### WHAT THIS TASK INVOLVES
In your copy, repeat the records exactly and leave out the pictures.

### EXERCISE MATERIALS
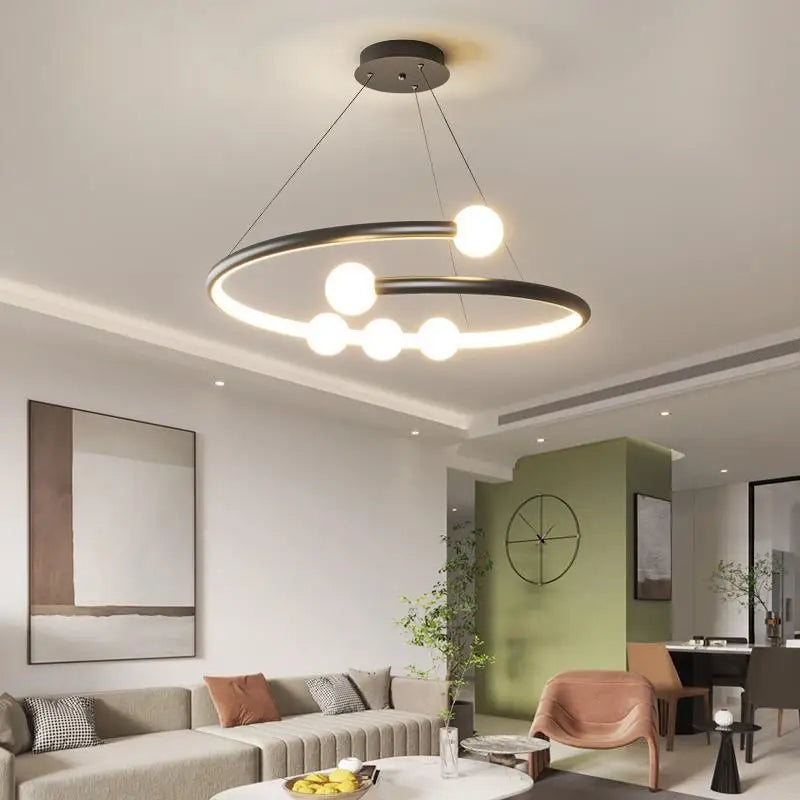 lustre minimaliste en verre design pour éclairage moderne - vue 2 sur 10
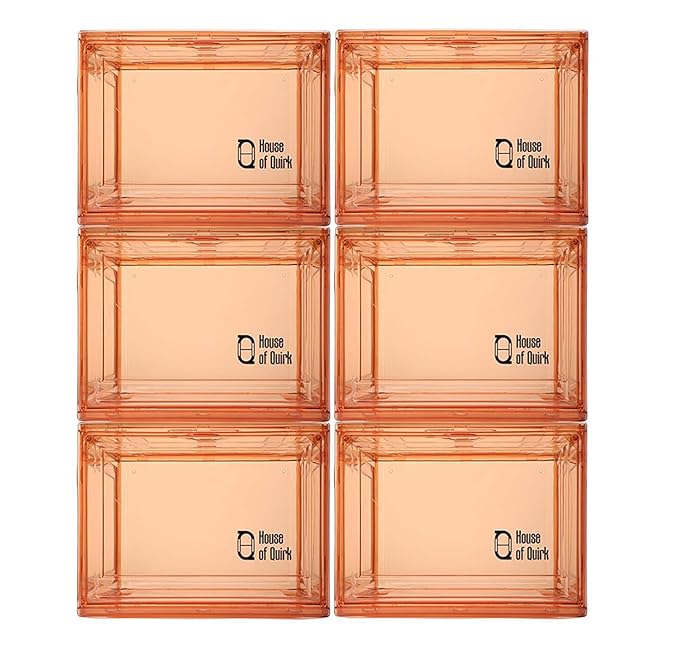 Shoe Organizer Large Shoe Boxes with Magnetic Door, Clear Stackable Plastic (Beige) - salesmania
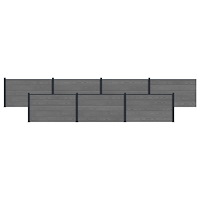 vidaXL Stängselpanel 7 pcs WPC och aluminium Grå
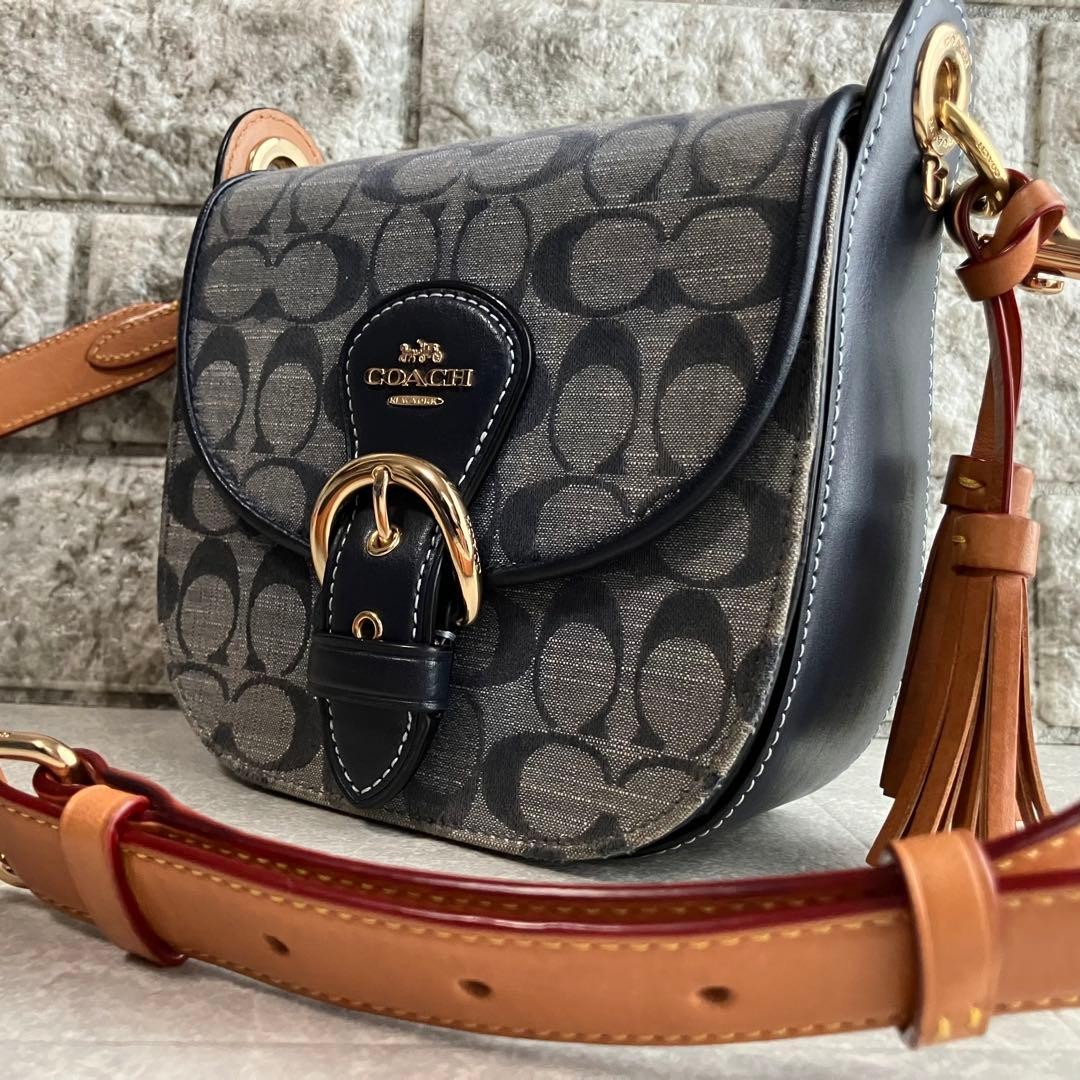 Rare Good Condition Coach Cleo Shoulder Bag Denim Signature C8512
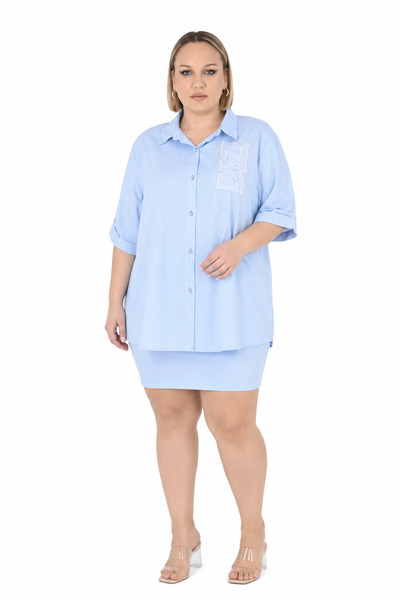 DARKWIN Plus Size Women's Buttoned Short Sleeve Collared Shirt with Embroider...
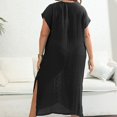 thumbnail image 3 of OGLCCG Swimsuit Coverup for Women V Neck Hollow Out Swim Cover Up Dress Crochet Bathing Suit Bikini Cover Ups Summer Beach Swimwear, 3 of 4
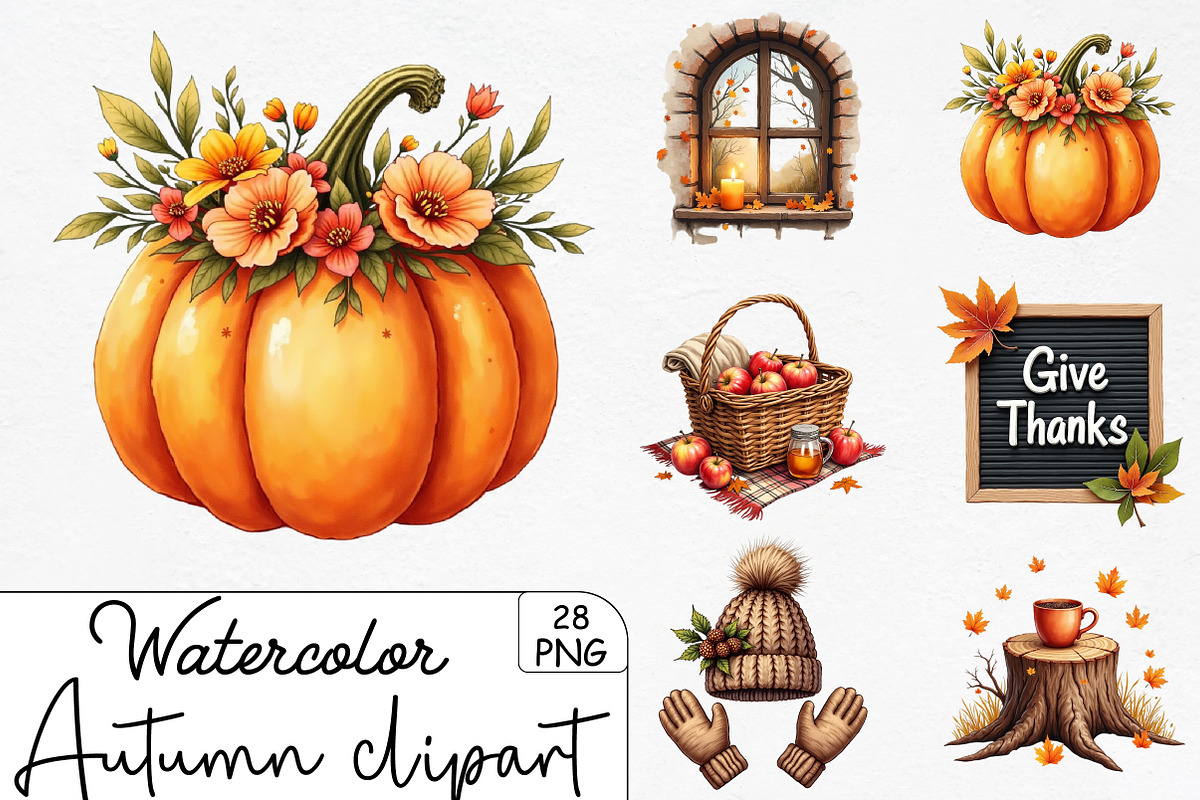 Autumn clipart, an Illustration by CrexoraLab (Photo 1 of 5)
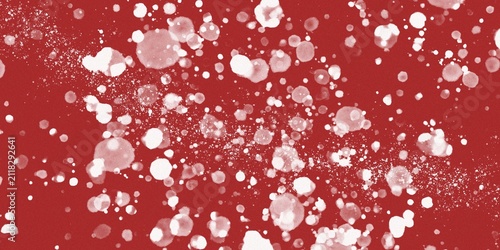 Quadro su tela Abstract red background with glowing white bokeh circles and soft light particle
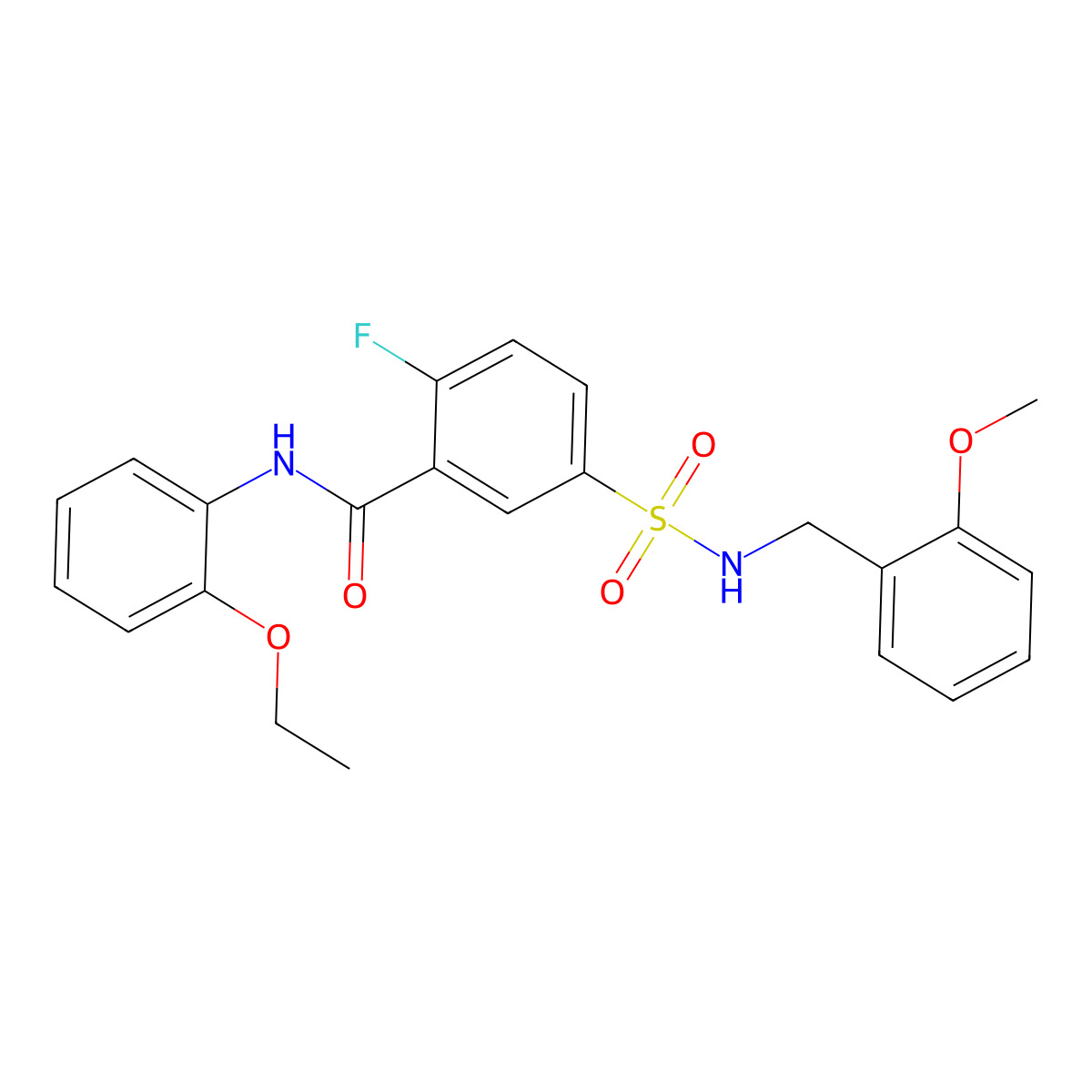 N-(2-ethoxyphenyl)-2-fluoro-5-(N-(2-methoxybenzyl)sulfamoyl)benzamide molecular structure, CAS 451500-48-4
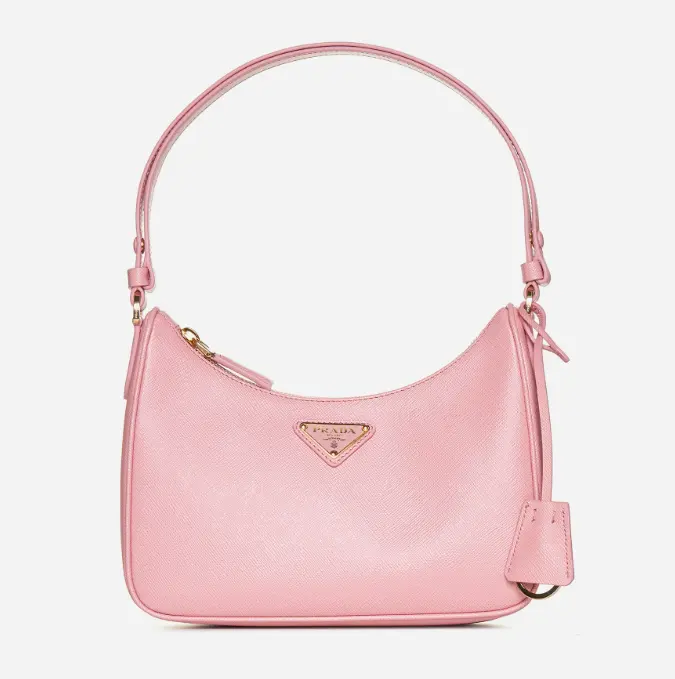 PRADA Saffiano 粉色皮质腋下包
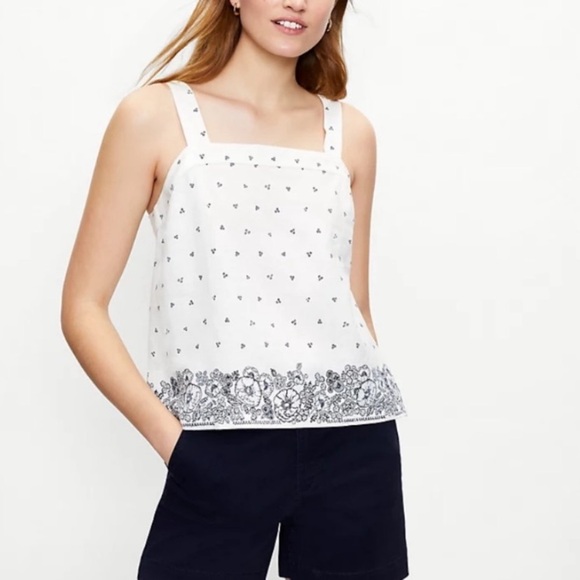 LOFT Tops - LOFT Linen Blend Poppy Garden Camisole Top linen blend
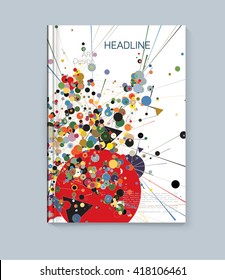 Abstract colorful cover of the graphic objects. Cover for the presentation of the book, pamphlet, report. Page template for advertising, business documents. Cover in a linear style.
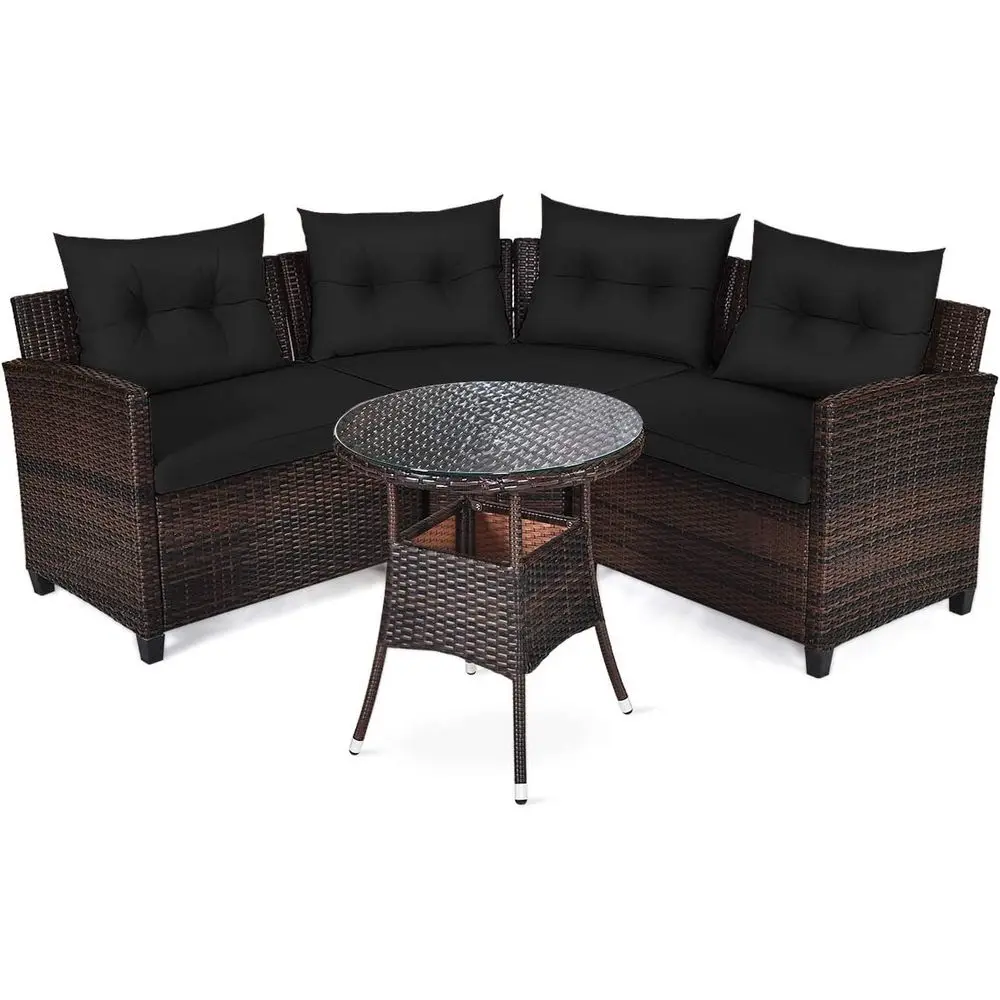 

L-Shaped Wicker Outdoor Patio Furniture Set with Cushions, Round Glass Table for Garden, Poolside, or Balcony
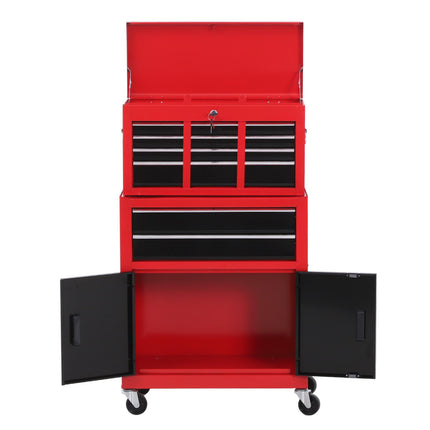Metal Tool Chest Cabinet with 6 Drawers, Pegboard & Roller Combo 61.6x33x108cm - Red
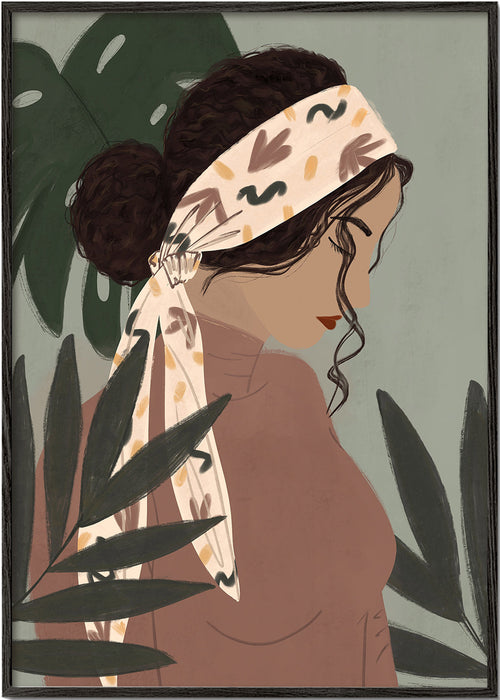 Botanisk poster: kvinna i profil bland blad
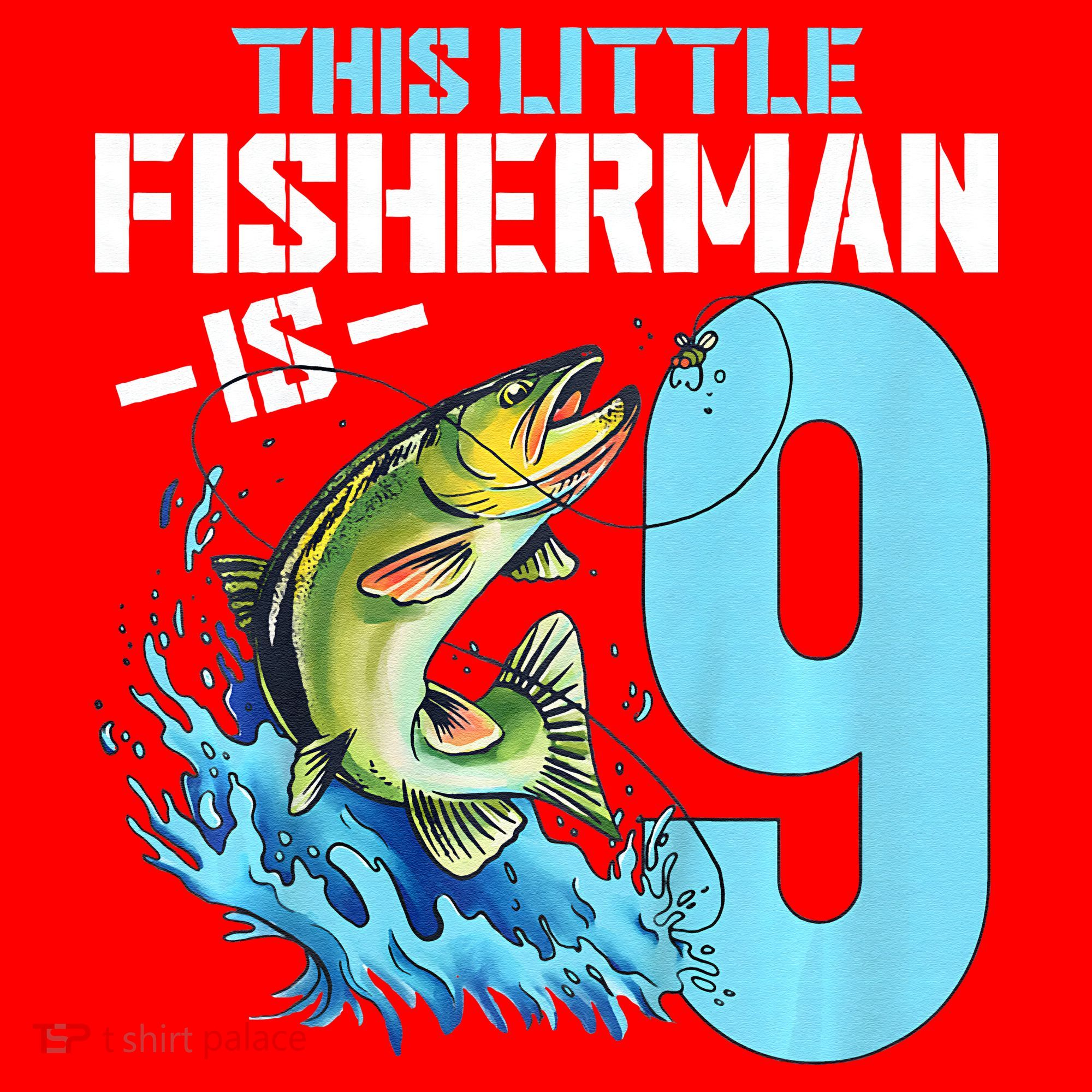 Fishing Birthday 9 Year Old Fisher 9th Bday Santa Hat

### TASK ANSWER
 lustre minimaliste en verre design pour éclairage moderne - vue 2 sur 10
 Shoe Organizer Large Shoe Boxes with Magnetic Door, Clear Stackable Plastic (Beige) - salesmania
 vidaXL Stängselpanel 7 pcs WPC och aluminium Grå
 Rare Good Condition Coach Cleo Shoulder Bag Denim Signature C8512
 DARKWIN Plus Size Women's Buttoned Short Sleeve Collared Shirt with Embroider...
 thumbnail image 3 of OGLCCG Swimsuit Coverup for Women V Neck Hollow Out Swim Cover Up Dress Crochet Bathing Suit Bikini Cover Ups Summer Beach Swimwear, 3 of 4
 Autumn clipart, an Illustration by CrexoraLab (Photo 1 of 5)
 Quadro su tela Abstract red background with glowing white bokeh circles and soft light particle
 N-(2-ethoxyphenyl)-2-fluoro-5-(N-(2-methoxybenzyl)sulfamoyl)benzamide molecular structure, CAS 451500-48-4
 PRADA Saffiano 粉色皮质腋下包
 LOFT Tops - LOFT Linen Blend Poppy Garden Camisole Top linen blend
 Abstract colorful cover of the graphic objects. Cover for the presentation of the book, pamphlet, report. Page template for advertising, business documents. Cover in a linear style.

L-Shaped Wicker Outdoor Patio Furniture Set with Cushions, Round Glass Table for Garden, Poolside, or Balcony
Metal Tool Chest Cabinet with 6 Drawers, Pegboard & Roller Combo 61.6x33x108cm - Red
 Botanisk poster: kvinna i profil bland blad
 Fishing Birthday 9 Year Old Fisher 9th Bday Santa Hat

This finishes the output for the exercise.